Input START

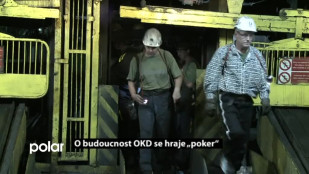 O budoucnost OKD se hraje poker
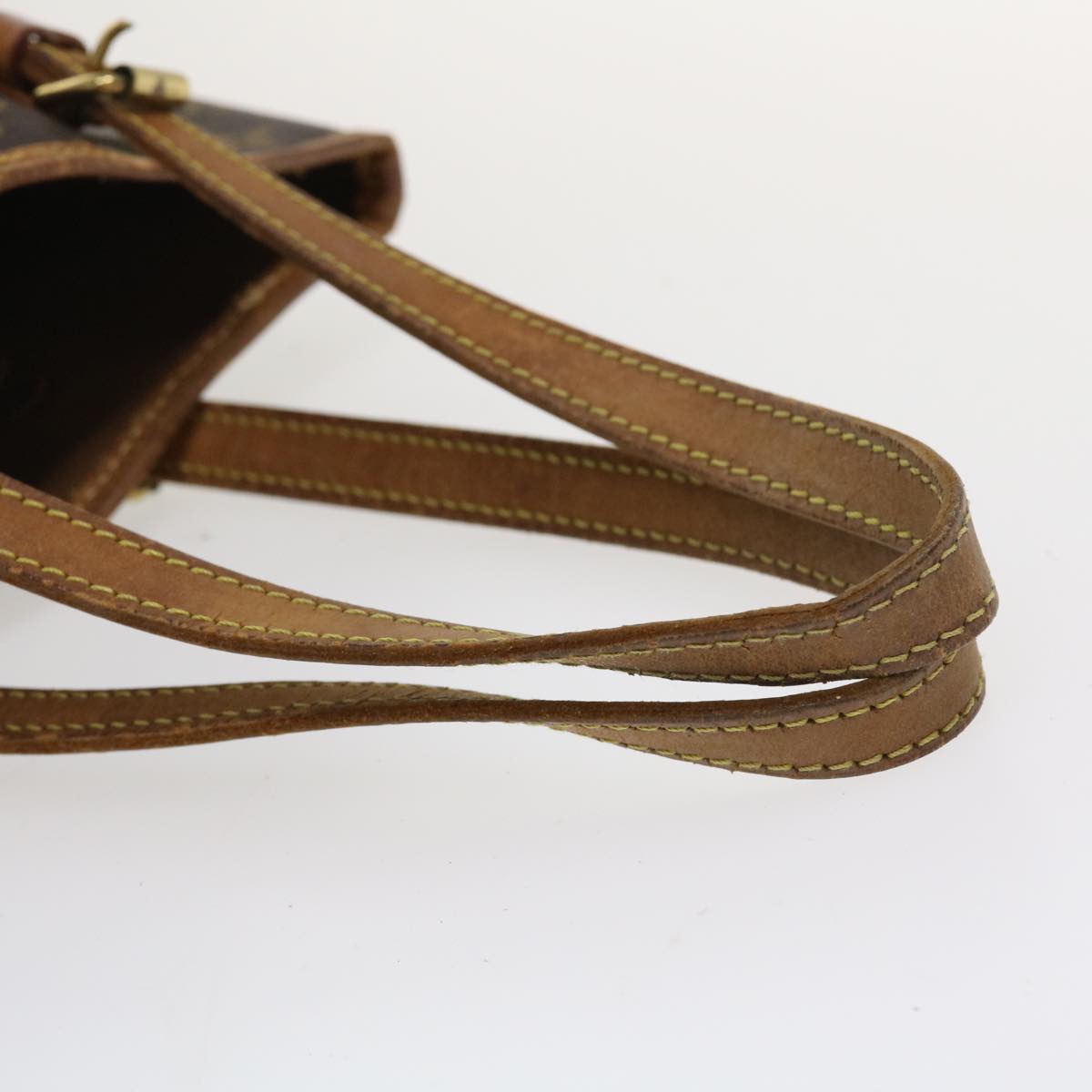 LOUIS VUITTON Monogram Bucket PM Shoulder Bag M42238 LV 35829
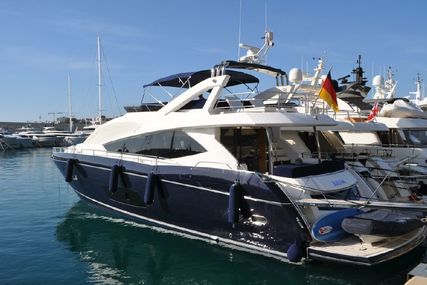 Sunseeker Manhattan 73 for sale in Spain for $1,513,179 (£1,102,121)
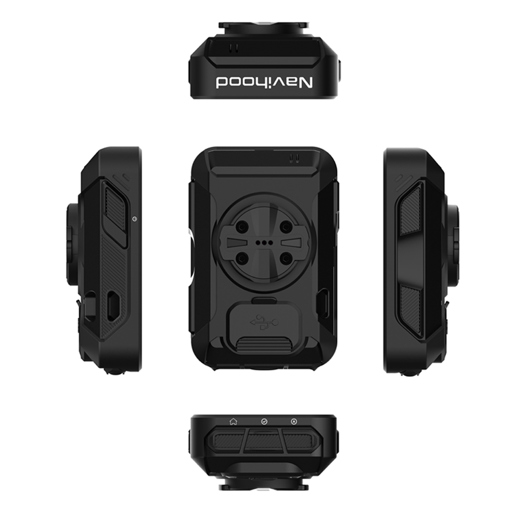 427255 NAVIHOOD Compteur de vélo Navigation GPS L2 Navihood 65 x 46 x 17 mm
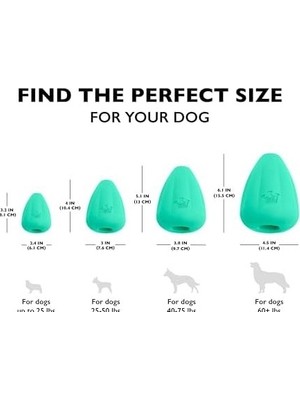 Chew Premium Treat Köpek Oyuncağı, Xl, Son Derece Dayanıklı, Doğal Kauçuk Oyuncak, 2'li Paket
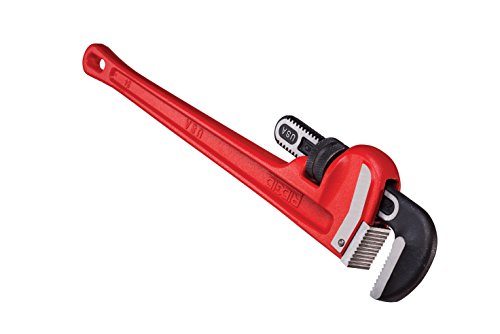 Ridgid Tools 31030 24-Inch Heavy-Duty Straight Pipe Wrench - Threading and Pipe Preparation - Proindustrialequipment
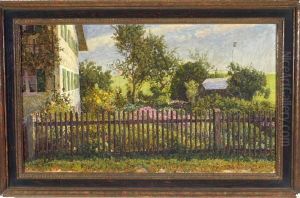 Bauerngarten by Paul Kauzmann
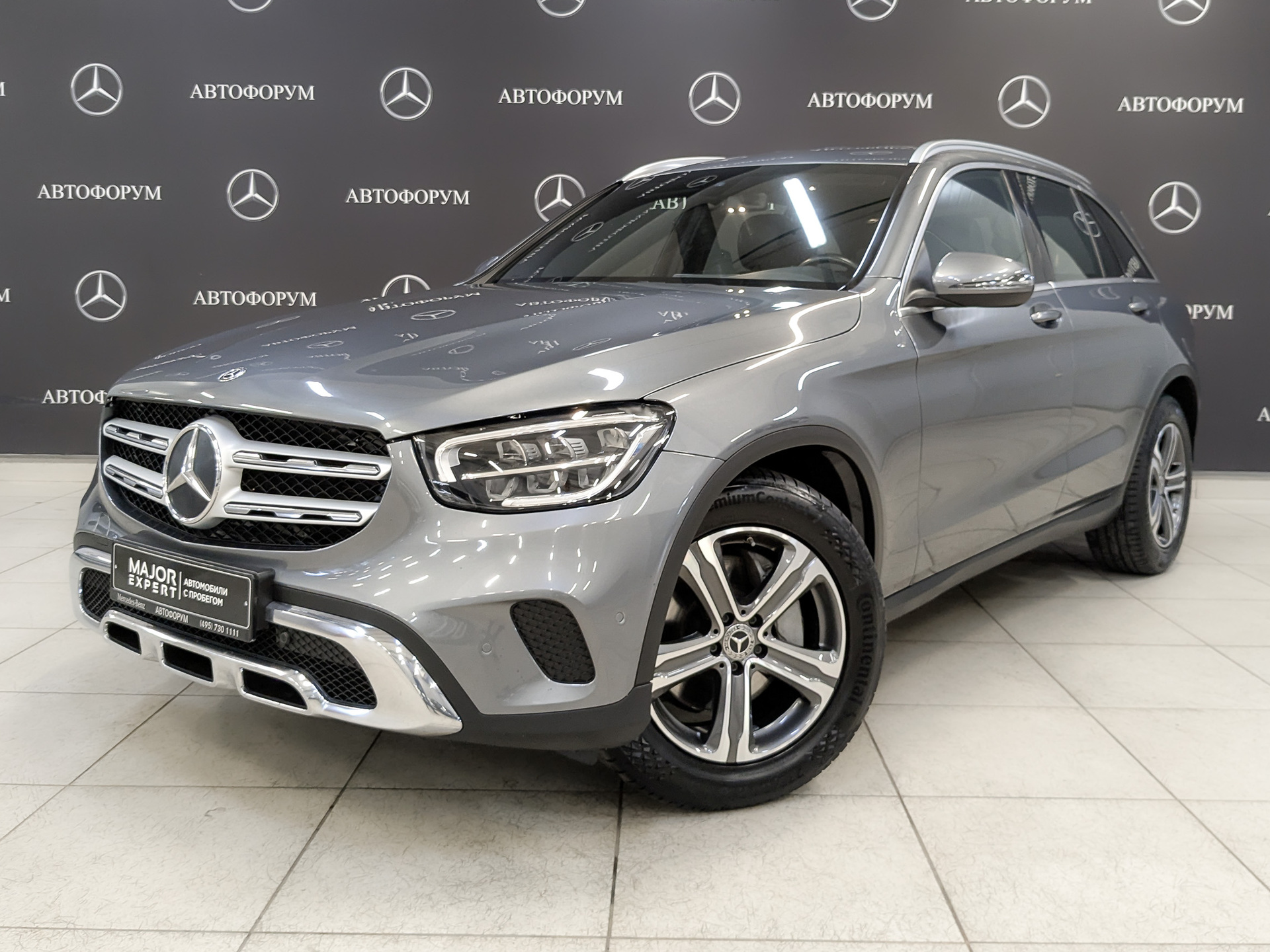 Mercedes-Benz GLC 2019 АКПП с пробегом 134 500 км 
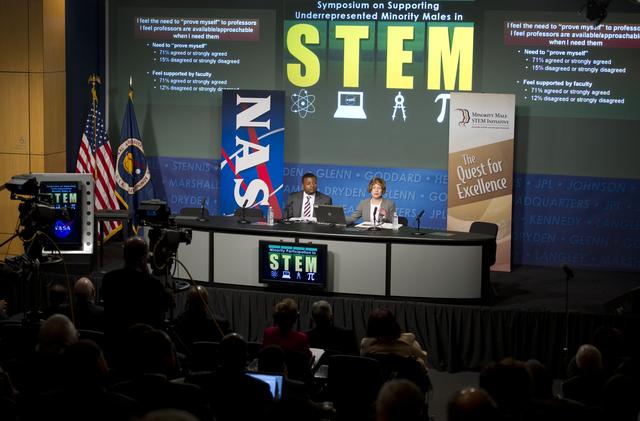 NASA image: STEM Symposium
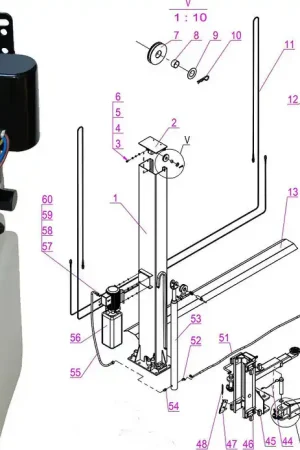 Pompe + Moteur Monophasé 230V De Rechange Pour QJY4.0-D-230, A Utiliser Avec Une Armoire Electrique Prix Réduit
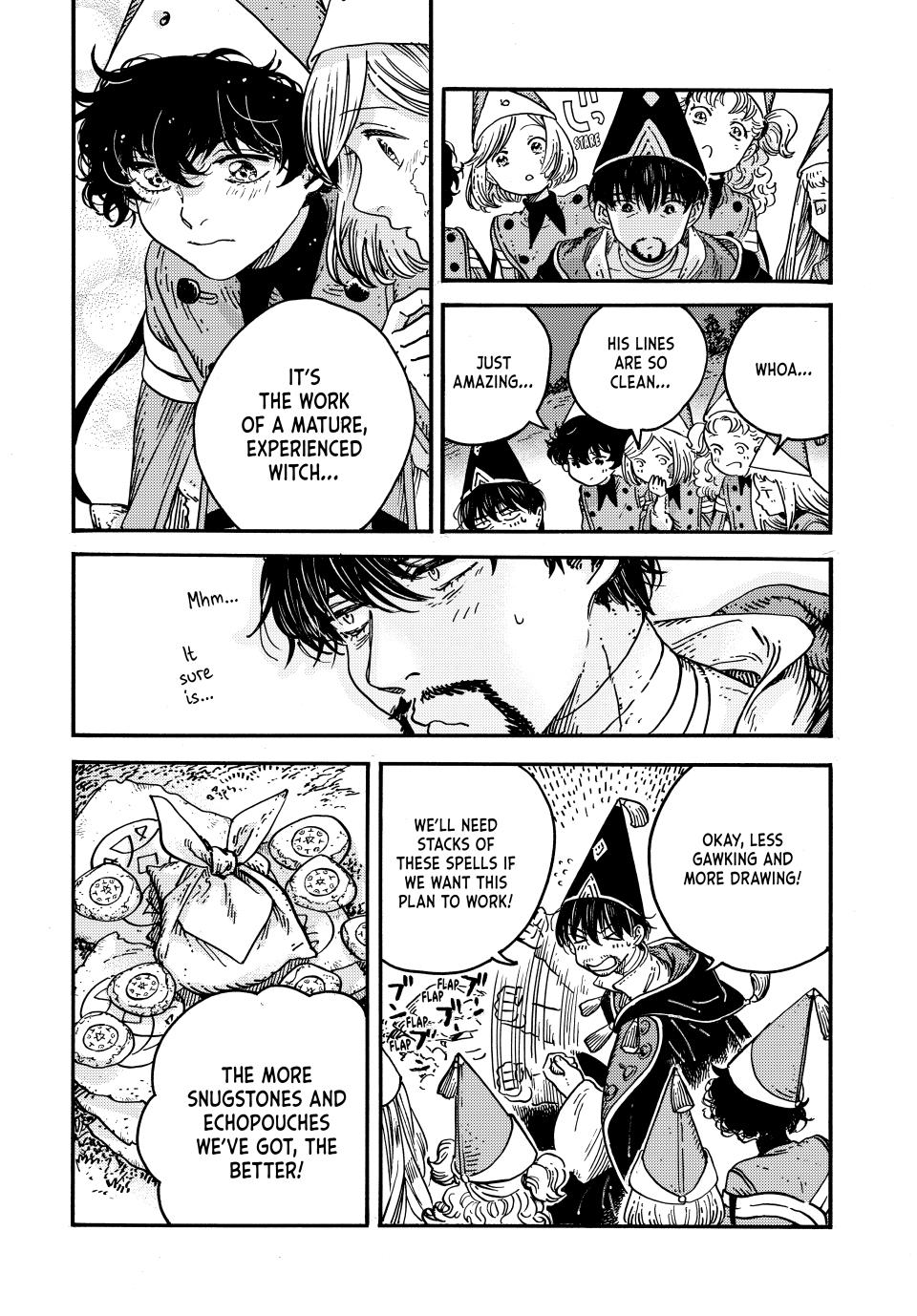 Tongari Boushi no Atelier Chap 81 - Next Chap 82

Input END

Task to complete:
Every record must be transcribed faithfully, with no picture carried over.

Expected answer:
 O budoucnost OKD se hraje poker
 LOUIS VUITTON Monogram Bucket PM Shoulder Bag M42238 LV 35829
 Sunseeker Manhattan 73 for sale in Spain for $1,513,179 (£1,102,121)
 427255 NAVIHOOD Compteur de vélo Navigation GPS L2 Navihood 65 x 46 x 17 mm
 Chew Premium Treat Köpek Oyuncağı, Xl, Son Derece Dayanıklı, Doğal Kauçuk Oyuncak, 2'li Paket
 Ridgid Tools 31030 24-Inch Heavy-Duty Straight Pipe Wrench - Threading and Pipe Preparation - Proindustrialequipment
 Bauerngarten by Paul Kauzmann
 Mercedes-Benz GLC 2019 АКПП с пробегом 134 500 км 
 NASA image: STEM Symposium
 Pompe + Moteur Monophasé 230V De Rechange Pour QJY4.0-D-230, A Utiliser Avec Une Armoire Electrique Prix Réduit
 Tongari Boushi no Atelier Chap 81 - Next Chap 82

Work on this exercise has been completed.